**Activity**
Return the records below exactly; pictures stay out.

── Data records

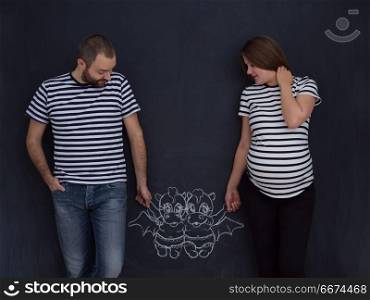 Conceptual photo of pregnant couple drawing their imaginations about the future life with children on chalk board. pregnant couple drawing their imaginations on chalk board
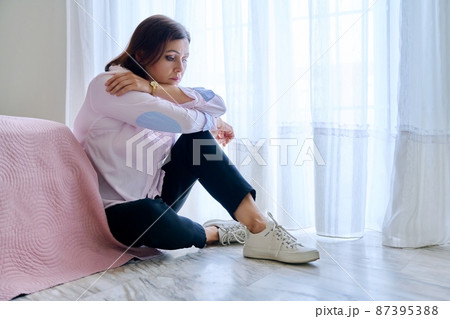 Sad middle aged depressed woman sitting on the floor in the bedroom. 87395388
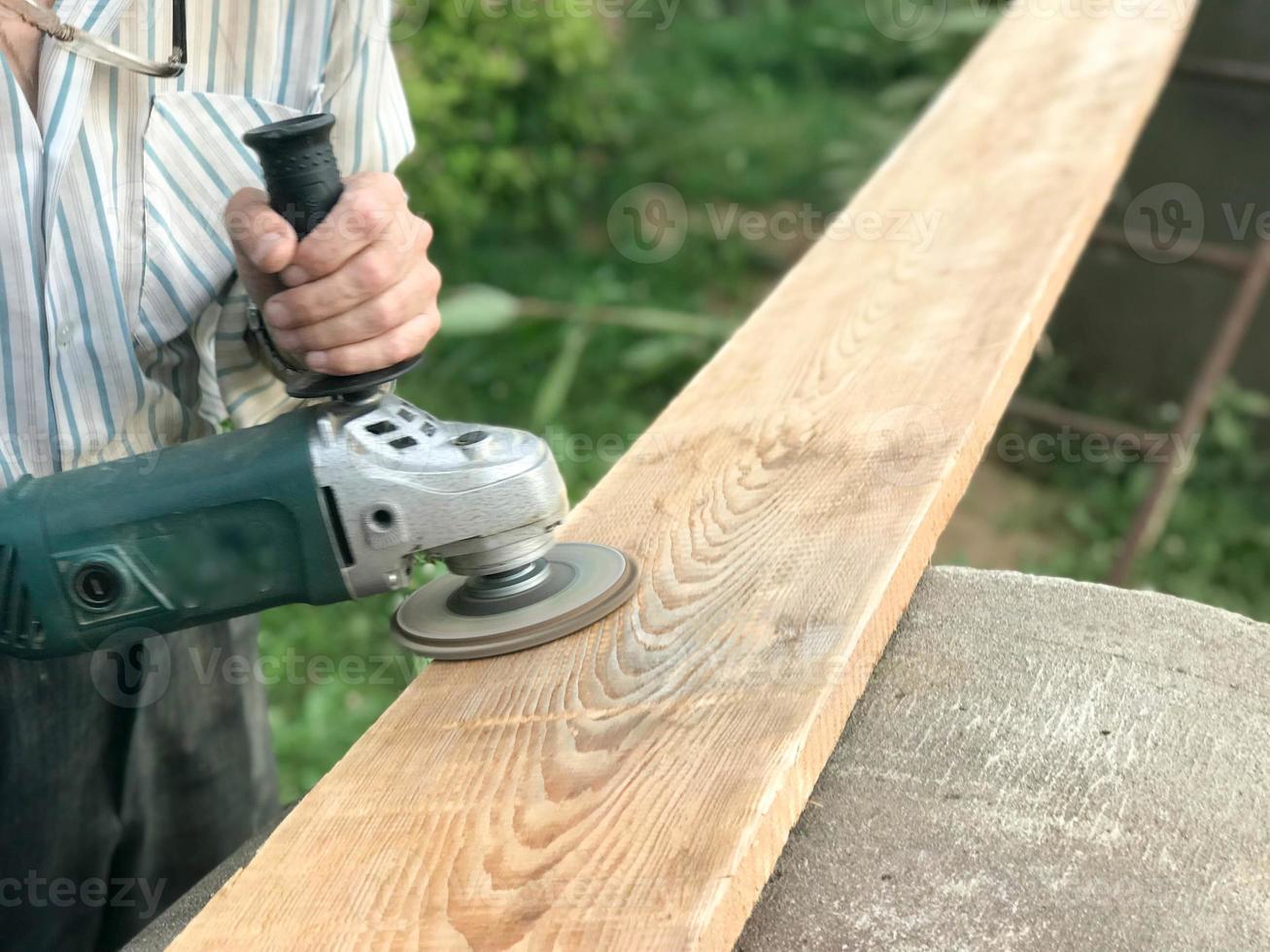 The man works with his hands, grinds the disk around for the grinder, the electric tool for grinding and polishing the surface of the wooden board photo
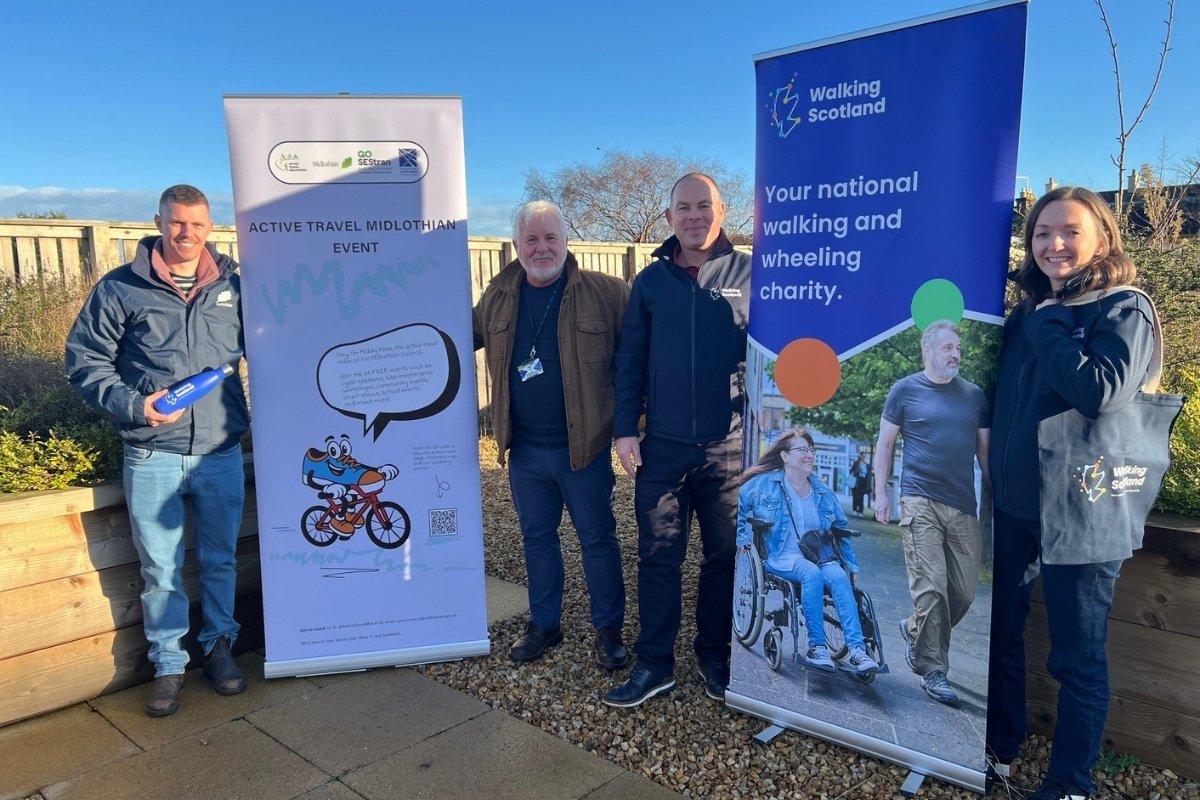 Representatives from the Midlothian Council and Walking Scotland smile as they stand beside branded pop-up banners.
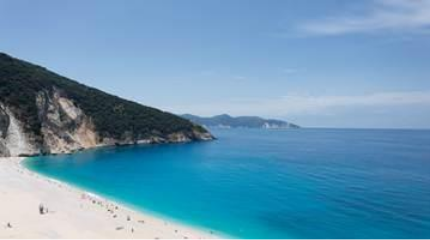 A beach with blue water and hills AI-generated content may be incorrect.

────

**The completed task**
 Conceptual photo of pregnant couple drawing their imaginations about the future life with children on chalk board. pregnant couple drawing their imaginations on chalk board
 Sad middle aged depressed woman sitting on the floor in the bedroom. 87395388
 The man works with his hands, grinds the disk around for the grinder, the electric tool for grinding and polishing the surface of the wooden board photo
 Representatives from the Midlothian Council and Walking Scotland smile as they stand beside branded pop-up banners.
 A beach with blue water and hills AI-generated content may be incorrect.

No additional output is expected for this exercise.